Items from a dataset
=-=-=-=-=

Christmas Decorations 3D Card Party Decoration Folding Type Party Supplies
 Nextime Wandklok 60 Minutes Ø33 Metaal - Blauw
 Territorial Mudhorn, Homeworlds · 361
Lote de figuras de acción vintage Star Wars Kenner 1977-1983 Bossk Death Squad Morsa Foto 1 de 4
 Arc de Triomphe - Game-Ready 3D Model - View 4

=-=-=-=-=

PROBLEM DETAILS:
The first line of the records begins the span, and the line containing "Lote de figuras" ends it. Reproduce that span exactly, both ends included.

RESULT OF THE EXERCISE:
Christmas Decorations 3D Card Party Decoration Folding Type Party Supplies
 Nextime Wandklok 60 Minutes Ø33 Metaal - Blauw
 Territorial Mudhorn, Homeworlds · 361
Lote de figuras de acción vintage Star Wars Kenner 1977-1983 Bossk Death Squad Morsa Foto 1 de 4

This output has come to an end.